I believe that we are all born as original blessings (a term that I first heard through author Matthew Fox.) I believe that a main characteristic of the Divine/Spirit/Life/God (take your pick) is one of, well, Oneness. My personal understanding, beliefs, and experiences are ever developing - a flexibility and evolution that I find refreshing. One of my current views of life and the Divine goes something like this:

In the beginning was the Divine, a presence of wondrous, childlike curiosity. This divinity is pure love, unblemished peace, and boundless creativity. Somewhere outside of time this divinity sought to experience the phenomenon known as relationship. This may have been out of her aforementioned curiosity, or loneliness, or both. So the Divine entered what we call time, and splintered herself off into countless radiant pieces in order that she might finally experience relationship. This is where duality eventually came into being. Rather than experiencing oneness in relationship, our ancestors began to relate to one another as being different from one another. At first, this was a fascination, and it bore itself out as celebration and fascination. However, as time went by, centuries, millenia, something entered those of us who call ourselves human; this something was fear.  We feared the elements that we could not control, we feared what once were our animal-kin and the shadows that prevailed at nightfall. As we became self-conscious, we feared our status among other women and men, we became jealous and small as our instinct turned from curiosity and fascination to suspicion and competition.

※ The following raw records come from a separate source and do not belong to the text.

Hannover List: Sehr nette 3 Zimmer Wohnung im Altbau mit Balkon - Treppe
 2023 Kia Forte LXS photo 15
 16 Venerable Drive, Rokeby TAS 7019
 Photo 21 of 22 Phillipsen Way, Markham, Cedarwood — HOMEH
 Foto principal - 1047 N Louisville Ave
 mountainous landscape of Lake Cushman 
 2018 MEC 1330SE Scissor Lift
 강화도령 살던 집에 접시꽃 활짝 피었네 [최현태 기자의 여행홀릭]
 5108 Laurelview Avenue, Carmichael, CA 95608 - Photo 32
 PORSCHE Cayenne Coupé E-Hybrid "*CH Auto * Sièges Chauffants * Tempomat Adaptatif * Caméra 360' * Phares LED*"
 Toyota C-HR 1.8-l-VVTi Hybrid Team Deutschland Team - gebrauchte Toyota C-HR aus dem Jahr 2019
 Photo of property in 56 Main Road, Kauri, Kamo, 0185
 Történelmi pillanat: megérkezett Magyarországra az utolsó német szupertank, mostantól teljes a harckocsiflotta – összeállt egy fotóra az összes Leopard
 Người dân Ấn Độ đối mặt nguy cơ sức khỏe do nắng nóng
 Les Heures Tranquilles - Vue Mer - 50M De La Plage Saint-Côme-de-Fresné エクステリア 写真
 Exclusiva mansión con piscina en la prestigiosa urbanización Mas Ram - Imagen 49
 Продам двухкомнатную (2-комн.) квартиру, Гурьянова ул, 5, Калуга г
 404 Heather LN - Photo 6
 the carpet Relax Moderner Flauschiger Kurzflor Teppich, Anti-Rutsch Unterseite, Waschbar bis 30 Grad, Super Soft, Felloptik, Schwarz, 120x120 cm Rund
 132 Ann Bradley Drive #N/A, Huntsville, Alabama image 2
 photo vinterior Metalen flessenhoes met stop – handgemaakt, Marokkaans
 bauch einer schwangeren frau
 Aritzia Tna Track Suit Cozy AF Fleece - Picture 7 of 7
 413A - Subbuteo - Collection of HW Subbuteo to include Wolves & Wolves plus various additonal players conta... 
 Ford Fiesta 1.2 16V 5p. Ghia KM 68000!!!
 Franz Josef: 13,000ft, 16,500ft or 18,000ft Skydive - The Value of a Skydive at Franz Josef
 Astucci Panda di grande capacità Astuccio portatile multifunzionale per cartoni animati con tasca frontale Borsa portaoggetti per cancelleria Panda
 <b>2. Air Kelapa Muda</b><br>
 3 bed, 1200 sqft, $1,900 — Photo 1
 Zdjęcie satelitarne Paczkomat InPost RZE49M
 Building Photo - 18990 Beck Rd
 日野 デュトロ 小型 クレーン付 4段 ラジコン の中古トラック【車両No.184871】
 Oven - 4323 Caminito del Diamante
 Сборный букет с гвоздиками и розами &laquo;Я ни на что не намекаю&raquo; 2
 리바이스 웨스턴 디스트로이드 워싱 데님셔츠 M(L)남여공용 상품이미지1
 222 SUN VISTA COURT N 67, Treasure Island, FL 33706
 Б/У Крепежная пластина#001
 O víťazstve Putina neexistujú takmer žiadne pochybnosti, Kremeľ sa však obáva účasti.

Eventually, we, the ancient fragments of the Divine, forgot who we were almost entirely. We forgot our Oneness and our wish for relationship. 

Fast forward to today. Most of us, especially on the good days, are capable of experiencing and even creating moments of bliss, friendship, generosity, inclusion, peace, and love. These are the stories that do not make the evening news. A man finds out that his next-door neighbour has just lost their job, and anonymously, he buys gifts for his neighbour's kids and leaves them at the front door. A woman spends several afternoons each week at a nearby nursing home playing crokinole with senior citizens. A young boy is concerned for his classmate who has leukemia, so he decides to go door-to-door collecting nickels and dimes for his family.

However, due to our long ingrained notion of duality, we are also capable of  little incivilities and minor hostilities. These are the times when we find ourselves muttering curses under our breath as the young mother in front of us at the coffeeshop tries to decides what donut to order for her two sons. It's when we pass by the obese man in a wheelchair in the local mall and catch ourselves thinking "How could anyone ever let themselves turn into a slob like that?" This duality, this competition, this suspicion is also responsible for the things that we do hear on the evening news. It is Christian vs Muslim, it is the CEO vs the woman in the cardboard "house," it is the air-brushing of Cosmo vs the perfect smile lines of the middle-aged factory worker.

Amidst all of the chaos and noise that we seem to live in, we have something magnificent going for us, that being free will. Rather than being swept away by the prevailing winds, we have the choice on how we are going to live our seemingly little lives, and impact our little worlds around us. Will it be peace or persecution, generosity or jealousy, inclusion or intolerance? We have no hope of seeing a changed world, One World, if we each do not play our part. Furthermore, we cannot make even the littlest of changes if we do not engage in personal, inner work, which often means facing the ugliness that has seeped in do to dualism, fear, and competition.

No one can say when this great experiment called time will end, either personally or for our universe. All we can do is remember our ancient and inherent wonder and Oneness. Let us begin with kindness.